Just days before the start of the Anthony Abbate civil trial, the judge in the case asked the city of Chicago one last time if it wanted to settle. The city said no, it would fight the Abbate case as a matter of principle.
After a 13-day trial, the city lost. The jury concluded that Abbate, a drunken off-duty cop was able to act with impunity in beating a female bartender less than half his size because there was a police code of silence and/or a failure to investigate and discipline. Bartender Karolina Obrycka was awarded $850,000.
The city followed by saying it would pay Obrycka promptly, but wanted the judgment thrown out arguing that money-hungry civil lawyers would wrongly seize on the cop code of silence claim in future lawsuits, and that taxpayers have to be protected from that.
Judge Amy St. Eve Thursday told the city no.
"The judgment in this case", she wrote, "has ramifications for society at large, not just the city's litigation strategies." Throwing the judgment out "...would not serve the public interest."
Northwestern Law Professor Locke Bowman was among those arguing that the jury's conclusion in Abbate, regarded by many as extremely significant, could not simply be erased.
"What the city was trying to do here was not only sour grapes, but also an extraordinary amount of arrogance," said Bowman. "Decisions like this are not the private property of litigants. They belong to society as a whole."

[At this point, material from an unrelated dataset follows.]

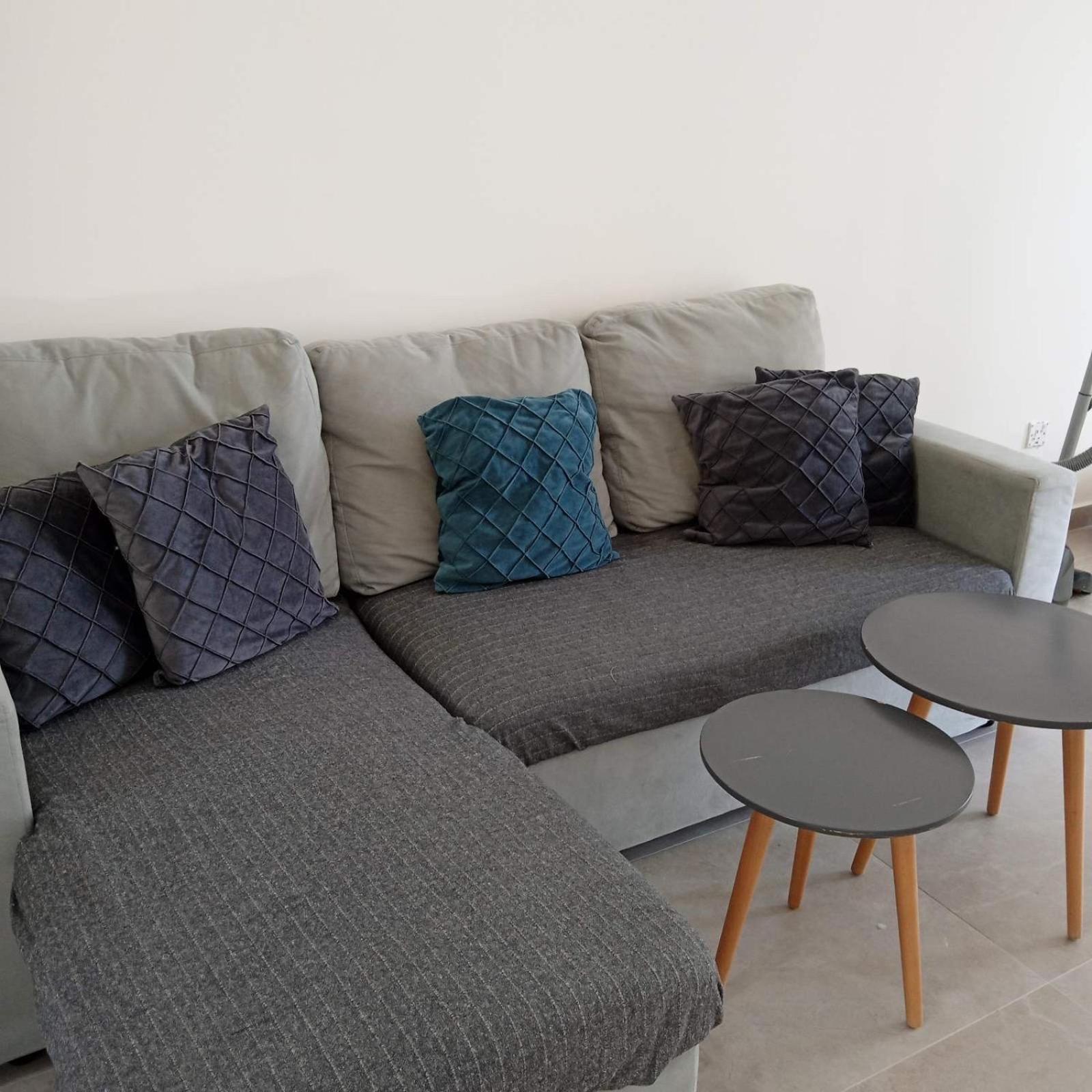 Mari House-Close To The Beach Paphos Exteriör bild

In her ruling Thursday, Judge St/ Eve twice made reference to the fact the city made the strategic decision to go to trial even though bartender Karolina Obrycka was willing to settle for a reasonable amount, which was less than half of what the jury ultimately awarded her.
Obrycka has not yet received her money, but the city has promised to pay by the end of the month.
The city law department thus far has not had any comment on Thursday's ruling.